Exercise directions: Go through the entries below from the first line and output each one exactly, up to and including the line with "Vintage Gilded Foliage Place Cards".

Supplied records:
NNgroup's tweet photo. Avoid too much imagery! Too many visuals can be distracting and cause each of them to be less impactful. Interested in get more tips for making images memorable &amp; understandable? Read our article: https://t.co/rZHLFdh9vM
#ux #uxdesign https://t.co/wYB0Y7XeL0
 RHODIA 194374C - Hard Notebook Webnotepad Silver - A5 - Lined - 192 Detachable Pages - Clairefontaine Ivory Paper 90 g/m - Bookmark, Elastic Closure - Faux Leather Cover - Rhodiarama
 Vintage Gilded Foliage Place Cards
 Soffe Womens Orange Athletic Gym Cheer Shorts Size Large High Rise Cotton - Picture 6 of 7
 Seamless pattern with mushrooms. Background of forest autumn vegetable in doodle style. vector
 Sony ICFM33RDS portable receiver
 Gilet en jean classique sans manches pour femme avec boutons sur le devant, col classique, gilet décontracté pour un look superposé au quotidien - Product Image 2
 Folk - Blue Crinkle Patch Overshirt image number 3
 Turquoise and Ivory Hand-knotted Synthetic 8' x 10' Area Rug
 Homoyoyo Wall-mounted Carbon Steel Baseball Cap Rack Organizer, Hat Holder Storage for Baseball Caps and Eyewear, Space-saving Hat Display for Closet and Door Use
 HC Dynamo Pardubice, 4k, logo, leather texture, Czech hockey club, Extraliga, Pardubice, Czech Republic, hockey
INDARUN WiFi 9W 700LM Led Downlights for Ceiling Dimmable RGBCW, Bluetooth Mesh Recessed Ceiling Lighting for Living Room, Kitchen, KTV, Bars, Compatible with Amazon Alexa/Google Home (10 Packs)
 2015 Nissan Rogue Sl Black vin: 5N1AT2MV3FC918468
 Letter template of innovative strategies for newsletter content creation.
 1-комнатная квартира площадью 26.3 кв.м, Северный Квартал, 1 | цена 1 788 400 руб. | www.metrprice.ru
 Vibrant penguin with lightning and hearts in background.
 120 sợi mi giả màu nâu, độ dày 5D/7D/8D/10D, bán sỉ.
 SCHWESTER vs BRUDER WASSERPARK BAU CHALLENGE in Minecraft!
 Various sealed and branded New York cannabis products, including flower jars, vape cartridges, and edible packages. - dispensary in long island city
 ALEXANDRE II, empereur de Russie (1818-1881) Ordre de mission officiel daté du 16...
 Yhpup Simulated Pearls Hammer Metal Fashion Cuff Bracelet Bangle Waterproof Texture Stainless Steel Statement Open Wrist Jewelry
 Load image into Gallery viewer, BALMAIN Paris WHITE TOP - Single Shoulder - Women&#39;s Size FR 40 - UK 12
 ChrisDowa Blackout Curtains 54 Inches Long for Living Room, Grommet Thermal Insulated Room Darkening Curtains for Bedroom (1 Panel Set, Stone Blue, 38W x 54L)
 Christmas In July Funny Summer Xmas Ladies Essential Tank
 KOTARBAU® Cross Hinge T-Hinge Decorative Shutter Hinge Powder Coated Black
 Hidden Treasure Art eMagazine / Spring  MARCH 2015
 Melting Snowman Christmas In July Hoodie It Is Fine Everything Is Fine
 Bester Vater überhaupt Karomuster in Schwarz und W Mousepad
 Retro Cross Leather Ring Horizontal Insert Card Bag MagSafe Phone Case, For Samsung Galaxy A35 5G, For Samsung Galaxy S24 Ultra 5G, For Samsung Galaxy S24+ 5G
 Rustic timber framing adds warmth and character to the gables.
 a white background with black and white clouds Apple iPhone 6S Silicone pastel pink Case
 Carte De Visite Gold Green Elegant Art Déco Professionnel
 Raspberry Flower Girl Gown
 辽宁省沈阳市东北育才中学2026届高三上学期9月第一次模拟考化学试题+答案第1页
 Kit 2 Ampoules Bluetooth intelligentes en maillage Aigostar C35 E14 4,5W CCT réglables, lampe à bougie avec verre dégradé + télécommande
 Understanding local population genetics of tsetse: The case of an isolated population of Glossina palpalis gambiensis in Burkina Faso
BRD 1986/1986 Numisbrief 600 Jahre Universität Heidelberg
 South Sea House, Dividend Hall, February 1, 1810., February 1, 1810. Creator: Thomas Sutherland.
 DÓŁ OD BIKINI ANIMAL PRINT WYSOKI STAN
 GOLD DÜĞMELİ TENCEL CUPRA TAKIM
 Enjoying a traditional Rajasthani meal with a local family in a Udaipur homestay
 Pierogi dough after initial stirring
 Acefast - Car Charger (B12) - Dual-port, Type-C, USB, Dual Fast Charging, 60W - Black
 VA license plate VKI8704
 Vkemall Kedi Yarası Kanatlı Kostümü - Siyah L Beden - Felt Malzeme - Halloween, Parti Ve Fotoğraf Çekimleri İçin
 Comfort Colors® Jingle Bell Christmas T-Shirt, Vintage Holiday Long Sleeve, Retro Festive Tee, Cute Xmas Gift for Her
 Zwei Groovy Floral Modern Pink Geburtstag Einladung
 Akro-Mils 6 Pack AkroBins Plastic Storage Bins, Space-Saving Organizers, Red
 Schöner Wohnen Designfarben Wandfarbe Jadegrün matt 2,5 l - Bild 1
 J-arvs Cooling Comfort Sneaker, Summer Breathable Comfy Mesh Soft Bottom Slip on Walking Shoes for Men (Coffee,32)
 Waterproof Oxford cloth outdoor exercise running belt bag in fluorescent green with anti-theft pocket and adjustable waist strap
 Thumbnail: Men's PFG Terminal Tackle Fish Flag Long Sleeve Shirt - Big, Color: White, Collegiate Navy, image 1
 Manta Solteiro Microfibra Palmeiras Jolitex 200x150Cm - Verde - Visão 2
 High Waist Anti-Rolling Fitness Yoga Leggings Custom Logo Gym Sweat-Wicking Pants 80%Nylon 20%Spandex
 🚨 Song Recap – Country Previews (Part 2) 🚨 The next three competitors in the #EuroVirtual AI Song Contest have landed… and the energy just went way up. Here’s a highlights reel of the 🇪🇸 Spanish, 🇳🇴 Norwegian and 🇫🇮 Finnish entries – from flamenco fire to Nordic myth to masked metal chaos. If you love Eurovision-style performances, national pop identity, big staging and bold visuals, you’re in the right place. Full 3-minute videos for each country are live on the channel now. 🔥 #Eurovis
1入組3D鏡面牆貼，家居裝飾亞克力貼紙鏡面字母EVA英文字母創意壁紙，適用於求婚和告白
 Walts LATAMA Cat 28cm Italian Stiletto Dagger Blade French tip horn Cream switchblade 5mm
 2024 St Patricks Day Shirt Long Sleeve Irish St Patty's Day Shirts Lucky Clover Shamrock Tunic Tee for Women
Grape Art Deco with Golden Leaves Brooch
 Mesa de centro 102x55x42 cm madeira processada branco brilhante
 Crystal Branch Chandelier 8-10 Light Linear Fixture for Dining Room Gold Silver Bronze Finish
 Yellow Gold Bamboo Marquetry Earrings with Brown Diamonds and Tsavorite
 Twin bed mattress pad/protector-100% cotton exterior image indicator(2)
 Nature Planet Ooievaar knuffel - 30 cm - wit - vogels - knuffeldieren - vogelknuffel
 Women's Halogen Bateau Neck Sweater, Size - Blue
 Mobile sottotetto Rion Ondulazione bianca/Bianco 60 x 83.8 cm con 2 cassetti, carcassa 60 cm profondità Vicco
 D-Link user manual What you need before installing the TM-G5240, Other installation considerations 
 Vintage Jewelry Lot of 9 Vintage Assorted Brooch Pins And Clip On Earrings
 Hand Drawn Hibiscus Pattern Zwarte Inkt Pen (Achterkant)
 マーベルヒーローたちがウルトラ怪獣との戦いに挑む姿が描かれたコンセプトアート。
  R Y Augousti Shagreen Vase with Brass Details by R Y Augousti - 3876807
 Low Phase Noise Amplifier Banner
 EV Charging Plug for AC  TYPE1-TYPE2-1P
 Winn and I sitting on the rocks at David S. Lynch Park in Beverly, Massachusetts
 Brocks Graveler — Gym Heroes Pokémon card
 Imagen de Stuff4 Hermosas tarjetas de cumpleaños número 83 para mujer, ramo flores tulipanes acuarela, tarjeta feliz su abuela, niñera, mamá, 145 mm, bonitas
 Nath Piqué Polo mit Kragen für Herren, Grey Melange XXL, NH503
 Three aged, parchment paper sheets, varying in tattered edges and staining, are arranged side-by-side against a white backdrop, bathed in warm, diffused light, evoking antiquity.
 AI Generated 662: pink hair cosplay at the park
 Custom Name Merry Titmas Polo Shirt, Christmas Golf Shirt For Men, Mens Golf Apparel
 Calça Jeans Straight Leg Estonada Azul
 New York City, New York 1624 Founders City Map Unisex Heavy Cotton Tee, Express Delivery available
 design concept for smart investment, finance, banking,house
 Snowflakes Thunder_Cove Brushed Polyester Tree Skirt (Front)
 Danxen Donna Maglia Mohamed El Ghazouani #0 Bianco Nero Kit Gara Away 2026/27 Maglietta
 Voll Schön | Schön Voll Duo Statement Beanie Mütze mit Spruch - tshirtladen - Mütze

Result for this exercise:
NNgroup's tweet photo. Avoid too much imagery! Too many visuals can be distracting and cause each of them to be less impactful. Interested in get more tips for making images memorable &amp; understandable? Read our article: https://t.co/rZHLFdh9vM
#ux #uxdesign https://t.co/wYB0Y7XeL0
 RHODIA 194374C - Hard Notebook Webnotepad Silver - A5 - Lined - 192 Detachable Pages - Clairefontaine Ivory Paper 90 g/m - Bookmark, Elastic Closure - Faux Leather Cover - Rhodiarama
 Vintage Gilded Foliage Place Cards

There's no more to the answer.